When looking at our data we can see that a lot of what one would assume is true as it pertains to the data. As the points increases we see that the teams tend to win more often and they also tend to have a higher field goal percentage as well. This can be useful in practical sense as it pertains to coaching where a team might decide to have more three point shots than two pointers. As doing so based on this model tends to lead to increase their chances of winning the game. Address Research Question:

Our initial analysis is that the game has changed a lot over time, but that can be hard to see if you were to just look at the average teams points per game in 1980 and compare it to 2018. We can see that there was a dip in the points per game that reached a minimum in the mid 2000s, but it has slowly gone up since then, and it is back to where it was in the 1980s. This data perfectly lines up with the field goals attempted on average starting high with the 80s, slightly decreasing, and then going back up to present day. One area where we have seen a massive change is the amount of three pointers attempted per year. For this figure the amount of three point shots attempted has only gone up since the 1980s. The increase has been massive, with the amount of three pointers attempted in the 80s being under 10 per game, to reaching over 30 per game in the current NBA.

We slightly changed our research question as our understanding of the data improved. Originally our research question was “how does the NBA of today compare to the NBA of the 1980s?” But now that we see trends in the data that don’t reflect if you just look at stats today versus in the 1980s. In order to cover those trends we refined our question to be more of an all encompassing “how does our current NBA compare to the NBA over time?” This way we can point out more meaningful changes. Updated Answer For The Research Question:

After further analyzing and visualizing our data, we have come to a realization of how the NBA play style has changed over time. Figure 4 shows that the defensive rating has been trending up, which means that the defense had found an effective way to block close-range attacks. Therefore, the teams had to adapt and improvise different strategies, hence the uptrend of the three point attempts in Figure 1. The total number of field goal attempts as well as average points from 1980 has stayed relatively close to what we have now, but the number of three point attempts have increased substantially.

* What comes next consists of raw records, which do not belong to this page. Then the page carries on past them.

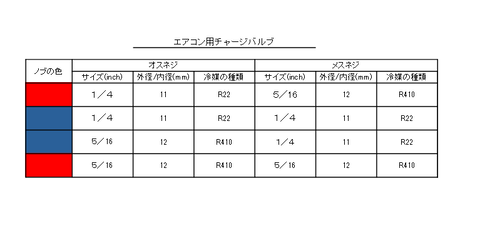 チャージバルブの種類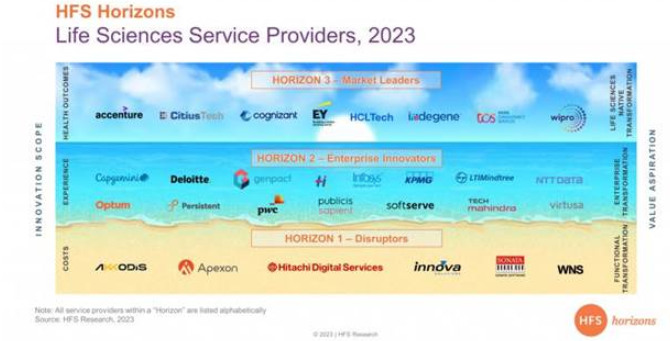 hfs-research-recognizes-indegene-as-a-market-leader-in-the-hfs-horizons-life-sciences-service-providers-2023-report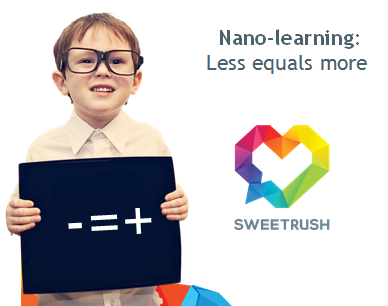 Nano-learning Learning On Demand Strategy Solution eLearning Performance Support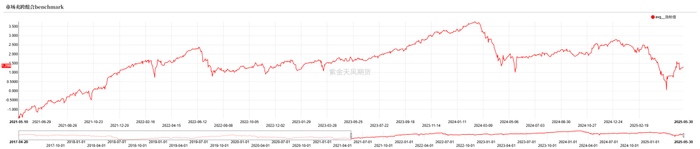数据来源：紫金天风期货研究所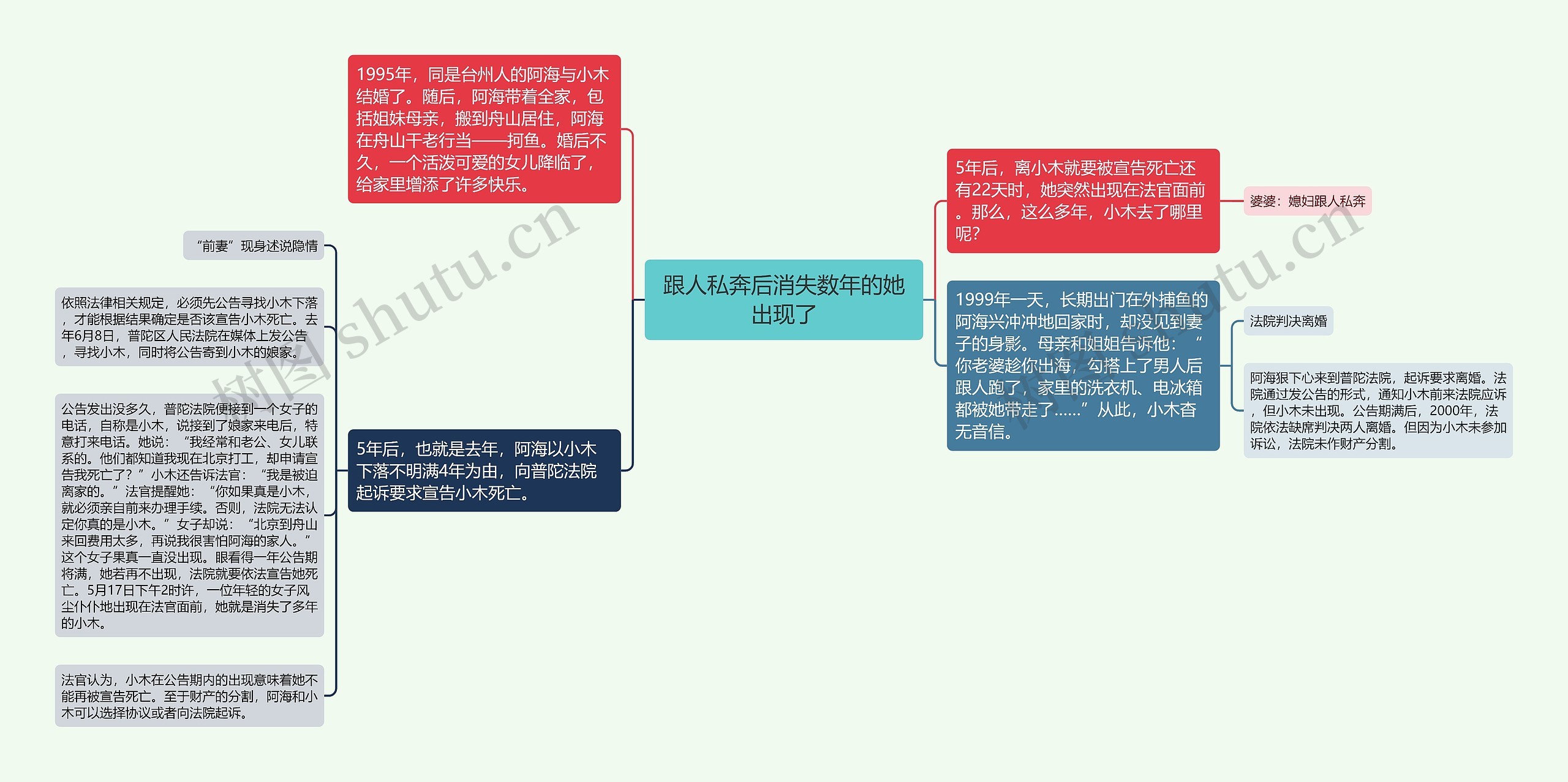 跟人私奔后消失数年的她出现了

From these insights, we have come to a conclusion that from 1980, the games were all about close-range attacks, because the three-point line was only invented in 1979, a year before the start of this dataset. As the defense got better at blocking close-range attacks, the teams had to find their way in by shooting three’s. As they found that going for a three point is an effective way to attack, more teams have switched to a three-point play style, and gradually they got better and more precise with ranged shots.